WORK REQUEST:
Whatever appears in the listing, return all of it exactly.

GIVEN DATA:
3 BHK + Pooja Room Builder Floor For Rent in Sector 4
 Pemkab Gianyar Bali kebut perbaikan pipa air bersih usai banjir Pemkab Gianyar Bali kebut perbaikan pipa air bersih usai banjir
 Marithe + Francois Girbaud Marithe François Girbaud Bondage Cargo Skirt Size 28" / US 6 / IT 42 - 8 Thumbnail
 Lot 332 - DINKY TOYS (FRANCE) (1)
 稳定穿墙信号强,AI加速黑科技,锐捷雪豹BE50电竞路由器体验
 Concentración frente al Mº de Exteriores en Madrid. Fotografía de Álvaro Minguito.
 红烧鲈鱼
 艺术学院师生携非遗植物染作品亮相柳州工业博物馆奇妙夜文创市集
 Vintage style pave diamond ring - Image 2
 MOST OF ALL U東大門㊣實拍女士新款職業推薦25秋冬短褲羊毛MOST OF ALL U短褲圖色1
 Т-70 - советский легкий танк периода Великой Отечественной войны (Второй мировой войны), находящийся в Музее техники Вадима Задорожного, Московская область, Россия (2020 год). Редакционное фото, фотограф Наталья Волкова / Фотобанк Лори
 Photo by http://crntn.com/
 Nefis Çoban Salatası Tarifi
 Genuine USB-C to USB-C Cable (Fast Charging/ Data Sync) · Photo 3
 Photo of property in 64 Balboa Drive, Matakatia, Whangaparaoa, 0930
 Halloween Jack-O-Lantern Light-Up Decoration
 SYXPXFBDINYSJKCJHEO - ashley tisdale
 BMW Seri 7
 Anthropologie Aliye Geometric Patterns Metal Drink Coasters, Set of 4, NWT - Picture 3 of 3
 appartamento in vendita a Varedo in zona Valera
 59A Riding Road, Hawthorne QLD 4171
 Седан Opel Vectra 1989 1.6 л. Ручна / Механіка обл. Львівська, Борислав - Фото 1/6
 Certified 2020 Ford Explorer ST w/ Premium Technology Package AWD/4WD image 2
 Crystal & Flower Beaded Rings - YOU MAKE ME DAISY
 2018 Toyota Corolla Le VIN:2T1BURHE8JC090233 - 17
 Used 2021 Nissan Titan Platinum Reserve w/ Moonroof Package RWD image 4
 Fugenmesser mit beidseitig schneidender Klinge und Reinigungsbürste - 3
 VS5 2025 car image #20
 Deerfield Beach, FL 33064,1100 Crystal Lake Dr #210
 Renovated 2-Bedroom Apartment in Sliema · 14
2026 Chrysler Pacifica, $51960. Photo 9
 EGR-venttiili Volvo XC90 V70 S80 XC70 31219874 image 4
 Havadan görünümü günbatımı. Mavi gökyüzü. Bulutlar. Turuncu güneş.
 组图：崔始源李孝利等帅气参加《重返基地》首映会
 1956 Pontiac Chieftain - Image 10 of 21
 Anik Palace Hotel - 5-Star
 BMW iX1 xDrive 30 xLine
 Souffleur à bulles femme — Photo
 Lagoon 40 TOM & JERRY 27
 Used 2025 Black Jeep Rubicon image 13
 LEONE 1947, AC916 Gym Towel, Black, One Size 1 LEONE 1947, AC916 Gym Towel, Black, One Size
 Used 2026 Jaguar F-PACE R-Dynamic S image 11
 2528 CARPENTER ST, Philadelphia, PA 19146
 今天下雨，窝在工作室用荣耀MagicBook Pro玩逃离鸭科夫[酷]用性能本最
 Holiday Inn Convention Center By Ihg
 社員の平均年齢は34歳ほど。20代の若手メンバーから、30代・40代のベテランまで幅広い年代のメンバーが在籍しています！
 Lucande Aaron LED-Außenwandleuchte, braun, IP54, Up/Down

ANSWER SPACE:
3 BHK + Pooja Room Builder Floor For Rent in Sector 4
 Pemkab Gianyar Bali kebut perbaikan pipa air bersih usai banjir Pemkab Gianyar Bali kebut perbaikan pipa air bersih usai banjir
 Marithe + Francois Girbaud Marithe François Girbaud Bondage Cargo Skirt Size 28" / US 6 / IT 42 - 8 Thumbnail
 Lot 332 - DINKY TOYS (FRANCE) (1)
 稳定穿墙信号强,AI加速黑科技,锐捷雪豹BE50电竞路由器体验
 Concentración frente al Mº de Exteriores en Madrid. Fotografía de Álvaro Minguito.
 红烧鲈鱼
 艺术学院师生携非遗植物染作品亮相柳州工业博物馆奇妙夜文创市集
 Vintage style pave diamond ring - Image 2
 MOST OF ALL U東大門㊣實拍女士新款職業推薦25秋冬短褲羊毛MOST OF ALL U短褲圖色1
 Т-70 - советский легкий танк периода Великой Отечественной войны (Второй мировой войны), находящийся в Музее техники Вадима Задорожного, Московская область, Россия (2020 год). Редакционное фото, фотограф Наталья Волкова / Фотобанк Лори
 Photo by http://crntn.com/
 Nefis Çoban Salatası Tarifi
 Genuine USB-C to USB-C Cable (Fast Charging/ Data Sync) · Photo 3
 Photo of property in 64 Balboa Drive, Matakatia, Whangaparaoa, 0930
 Halloween Jack-O-Lantern Light-Up Decoration
 SYXPXFBDINYSJKCJHEO - ashley tisdale
 BMW Seri 7
 Anthropologie Aliye Geometric Patterns Metal Drink Coasters, Set of 4, NWT - Picture 3 of 3
 appartamento in vendita a Varedo in zona Valera
 59A Riding Road, Hawthorne QLD 4171
 Седан Opel Vectra 1989 1.6 л. Ручна / Механіка обл. Львівська, Борислав - Фото 1/6
 Certified 2020 Ford Explorer ST w/ Premium Technology Package AWD/4WD image 2
 Crystal & Flower Beaded Rings - YOU MAKE ME DAISY
 2018 Toyota Corolla Le VIN:2T1BURHE8JC090233 - 17
 Used 2021 Nissan Titan Platinum Reserve w/ Moonroof Package RWD image 4
 Fugenmesser mit beidseitig schneidender Klinge und Reinigungsbürste - 3
 VS5 2025 car image #20
 Deerfield Beach, FL 33064,1100 Crystal Lake Dr #210
 Renovated 2-Bedroom Apartment in Sliema · 14
2026 Chrysler Pacifica, $51960. Photo 9
 EGR-venttiili Volvo XC90 V70 S80 XC70 31219874 image 4
 Havadan görünümü günbatımı. Mavi gökyüzü. Bulutlar. Turuncu güneş.
 组图：崔始源李孝利等帅气参加《重返基地》首映会
 1956 Pontiac Chieftain - Image 10 of 21
 Anik Palace Hotel - 5-Star
 BMW iX1 xDrive 30 xLine
 Souffleur à bulles femme — Photo
 Lagoon 40 TOM & JERRY 27
 Used 2025 Black Jeep Rubicon image 13
 LEONE 1947, AC916 Gym Towel, Black, One Size 1 LEONE 1947, AC916 Gym Towel, Black, One Size
 Used 2026 Jaguar F-PACE R-Dynamic S image 11
 2528 CARPENTER ST, Philadelphia, PA 19146
 今天下雨，窝在工作室用荣耀MagicBook Pro玩逃离鸭科夫[酷]用性能本最
 Holiday Inn Convention Center By Ihg
 社員の平均年齢は34歳ほど。20代の若手メンバーから、30代・40代のベテランまで幅広い年代のメンバーが在籍しています！
 Lucande Aaron LED-Außenwandleuchte, braun, IP54, Up/Down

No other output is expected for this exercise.